What has long been recognized in other industries is that quality and cost must be addressed together, and consumers need to have line of sight to the value they receive to make informed choices. Even seemingly low-hanging fruit, like reducing readmission rates, will require realignment of incentives toward more efficient health care.
By promising to deliver a standardized set of services for a fixed price with specific quality commitments, providers will effectively be given incentives to contain underlying cost drivers, without incentives for underutilization, as were seen with HMOs and capitation in the 1980s. Taking action on such issues as overutilization, technology choices, and inadequate coordination across the care continuum can drive meaningful change in quality and outcomes if providers are uniformly focused on these outcomes without the distortions caused by the current fee-for-service approach. A simultaneous focus on developing a differentiated clinical value case will ensure a balanced approach that doesn’t forgo quality and safety for the sake of economic efficiency.
Moreover, payers—both public and private—are increasingly seeing the appeal of this model. Under the gun to slow cost growth, they are looking for a solution, and the opportunity to offload financial risk is an added plus. Because of its fixed price and quality commitments, bundled payment provides a mechanism to accomplish both objectives; providers that exceed their budget or fail to deliver what they’ve committed to will bear the consequences (as they would in any other industry). Creating a predictable cost structure for a defined set of services with a desired outcome can also be a powerful mechanism for differentiation at the provider level.
Looking beyond the short-term competitive appeal to payers, healthcare delivery organizations that wait too long to develop bundled pricing may not have a choice—bundled payment may become a competitive requirement, imposed by payers. So the decision facing providers today is whether they would rather build bundled prices on their own terms, or wait for payers to force bundled payments on them.
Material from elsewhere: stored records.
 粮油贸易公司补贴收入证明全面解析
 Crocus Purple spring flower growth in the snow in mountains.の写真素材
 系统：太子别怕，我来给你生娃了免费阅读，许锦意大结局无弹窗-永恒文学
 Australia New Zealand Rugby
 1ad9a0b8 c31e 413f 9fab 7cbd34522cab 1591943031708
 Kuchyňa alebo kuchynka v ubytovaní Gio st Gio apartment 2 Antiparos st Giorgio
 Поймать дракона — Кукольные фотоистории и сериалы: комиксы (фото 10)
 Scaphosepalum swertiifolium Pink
Finally, offering bundled prices for episodes of care will move the healthcare delivery system to a more consumer-oriented model. The customer of the future wants comparable evidence of health outcomes delivered for a set total price. As in any other market, the winning provider will have the best answer to “What am I getting for my money?”
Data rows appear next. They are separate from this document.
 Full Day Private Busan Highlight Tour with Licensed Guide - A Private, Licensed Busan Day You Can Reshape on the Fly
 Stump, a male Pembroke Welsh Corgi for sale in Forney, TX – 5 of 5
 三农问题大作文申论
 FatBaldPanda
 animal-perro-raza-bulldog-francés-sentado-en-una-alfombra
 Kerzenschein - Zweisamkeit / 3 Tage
So when providers develop a bundled price, what next? How can they make sure that their bundles are better than anyone else’s? The answer is that the care that’s offered has to be differentiated, delivering more value as defined by payers and consumers.
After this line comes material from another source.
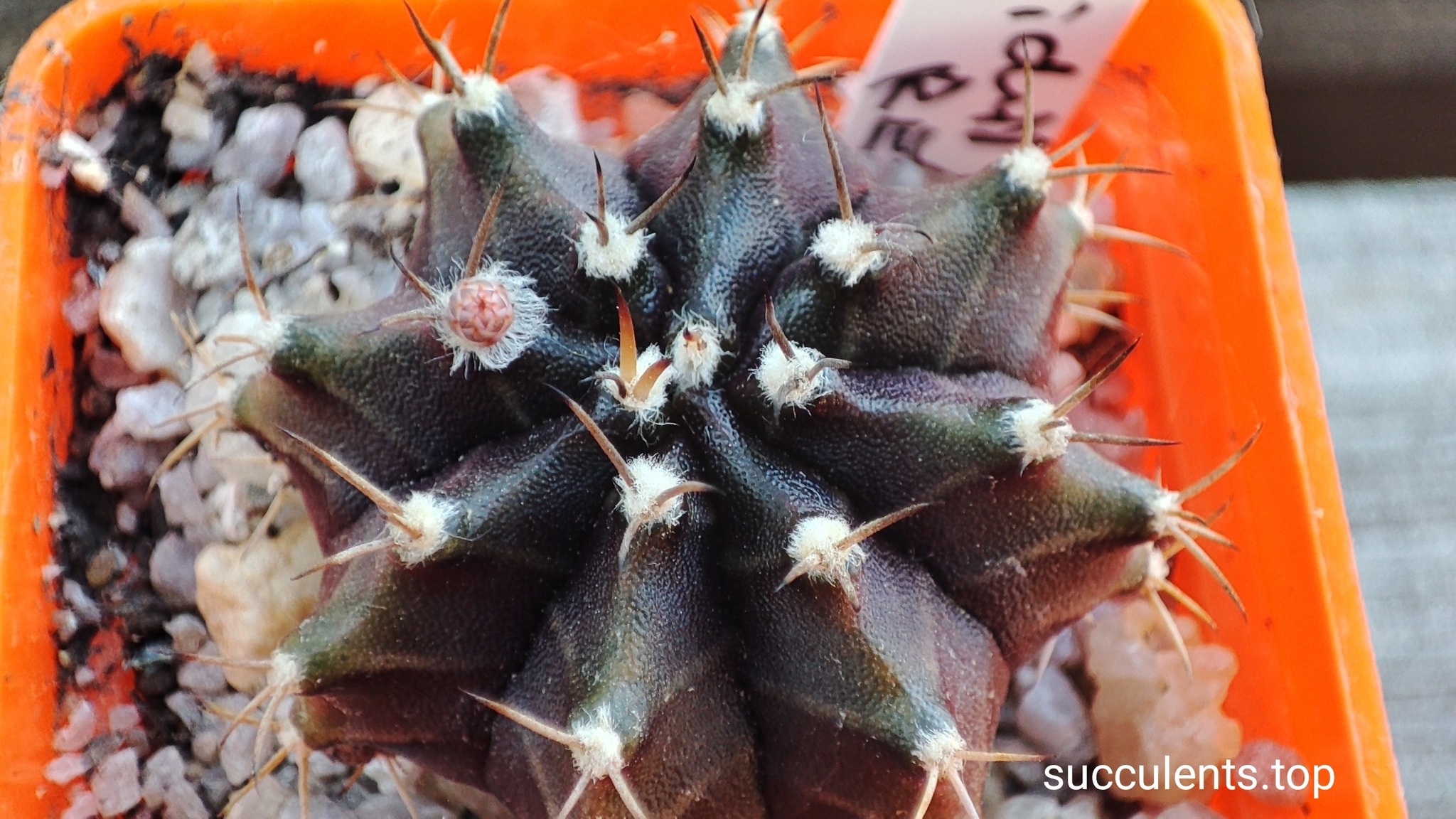 Gymnocalycium mihanovichii violet x red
The market share winners in this environment will be those providers that can define and deliver on better health outcome metrics. And these metrics need to go beyond traditional mortality and morbidity measures. Competing with a bundled price requires considerable transparency of information, responsive to the needs of a more engaged, value-conscious consumer. It will also require providers to develop a better understanding of cost drivers within the boundaries of a bundle of care. Every unnecessary or suboptimal resource used means a hit to the bottom line when the organization is committed to a fixed price. Finally, it will require providers to routinely monitor utilization and outcomes, by diagnosis and by physician, with processes and infrastructure to address unnecessary variation. That is a step that is long overdue. Despite these challenges, bundled pricing offers a promising means to reform our healthcare delivery system, realigning incentives for better health outcomes at lower cost.
Michael N. Abrams, M.A. is managing partner, Numerof & Associates, Inc., St. Louis.
Rita E. Numerof, PhD, is president, Numerof & Associates, Inc., St. Louis.